September 5, 2019 — Homeowners often invest in energy-saving upgrades to make their homes more comfortable and lower their expenses, hoping to see reductions in their upcoming utility bills. Government-backed and utility-backed programs that provide energy-efficient home improvements share the same goal of reducing costs. But measuring the costs and effects of hundreds of different retrofits in thousands of households is a complex process, and the big picture — which changes should be prioritized for the biggest benefit to the resident — is difficult to put together. While energy efficiency programs have developed sophisticated models to improve decision making, documented disparities between predicted and realized savings demonstrate that there is still substantial progress that could be made.
At the University of Illinois at Urbana-Champaign’s National Center for Supercomputing Applications (NCSA), researchers are used to using compute power to dig for answers in piles of untamed data. NCSA Core Faculty member Peter Christensen, also an Assistant Professor of Agriculture and Consumer Economics, routinely tackles policy-driven research questions with his Big Data for Environmental Economics and Policy (BDEEP) team, investigating the ways that data science and economics can help inform, justify, and validate public policies, or in some cases, reveal underlying flaws. To support this work, Christensen’s team has developed a machine learning-driven analytics pipeline to handle data collection, pre-processing, and statistical modeling for a range of projects that involve high-dimensional data and continuous acquisition.
Over the past year, collaborators Christensen, Erica Myers and Mateus Souza of the College for Agricultural, Consumer and Environmental Sciences and Paul Francisco of the Indoor Climate Research & Training Institute have been using the BDEEP team’s pipeline and NCSA’s experimental data analytics compute cluster to analyze a large dataset of home performance measures to better understand the drivers of past savings and provide insights into how to optimize benefits in the future.
The project’s first goal was to quantify disparities between predicted and realized savings. Savings are typically predicted using energy modeling software that incorporates information about housing structure and the upgrades being performed. However, predictions from those models are often inaccurate, and with hundreds of program offerings (from adding insulation and updating furnaces to installing energy-efficient appliances and LED lightbulbs) performed in various combinations on a variety of home types, parsing out nuanced effects can be difficult. Using before-and-after utility bills, housing structure variables, and data for thousands of homes treated over the past decade, the researchers implemented a new machine learning method that can estimate and predict savings patterns that a human mind (or traditional engineering and statistical models) would be unable to identify.
Most of NCSA’s computing systems are a good fit for a wide variety of uses, but the NCSA analytics cluster the researchers used was specifically developed and optimized by NCSA Industry, Yifang Zhang of the NCSA Data Analytics team, and Christensen’s BDEEP group for this kind of problem: the multi-processor system runs SparkR, which enables users to employ respected but computationally intensive machine learning algorithms implemented in the R programming language while also capitalizing on the distributed memory capabilities of the Spark platform.
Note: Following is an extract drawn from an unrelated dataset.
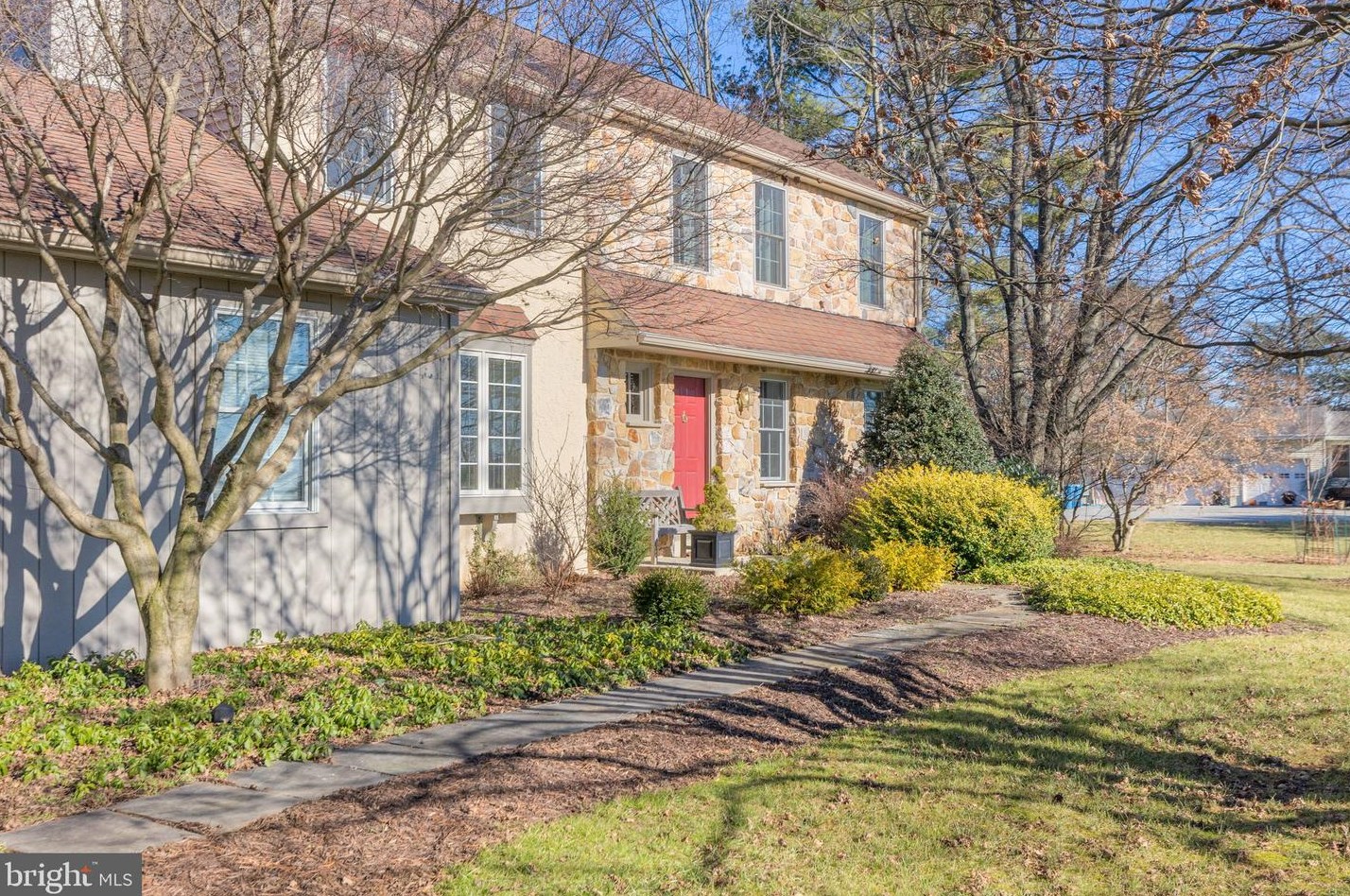 201 E Doe Run Rd, Kennett Sq, PA 19348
Christensen says that SparkR was “essential” for running machine learning models at scale: “These models can take weeks or longer to run without the ability to distribute tasks and run them in parallel, which Spark enables. Our distributed models were running more than ten times faster than on a standard HPC cluster, a big enough difference to transform how we approached the problem.”
Mateus Souza, the PhD student who pioneered the implementation of machine learning on the platform, agrees: “NCSA’s analytics cluster gave me the flexibility to be more creative as I tested and refined our algorithms and model configurations.”
The researchers found that in many cases, current predictions were overestimating some benefits and underestimating others. On average, actual savings were falling short of predicted savings. Providing more accurate assessments of how energy-saving measures benefit particular homes can help policymakers, programs and homeowners to focus their efforts and return maximum energy savings from their investments.
Christensen predicts that machine learning models will soon be heavily used across industry and government for decision making, but recognizes that they’re not quite there yet, in part because model training can be very time-consuming (and sometimes, very expensive) without the right infrastructure. Part of the challenge for researchers will be bringing the benefits of efficient machine learning to collaborators outside of compute-forward environments like NCSA. But the team is ready for that challenge and others, and in addition to this project, has already used machine learning on NCSA’s analytics cluster for another project detecting racial discrimination in the US housing market.
Christensen says his group will continue to focus on addressing real-world public challenges with technological solutions: “We use these technologies to rethink economic and policy problems that have been around in our discipline for a long time, but haven’t been tractable. We want to solve that kind of problem.”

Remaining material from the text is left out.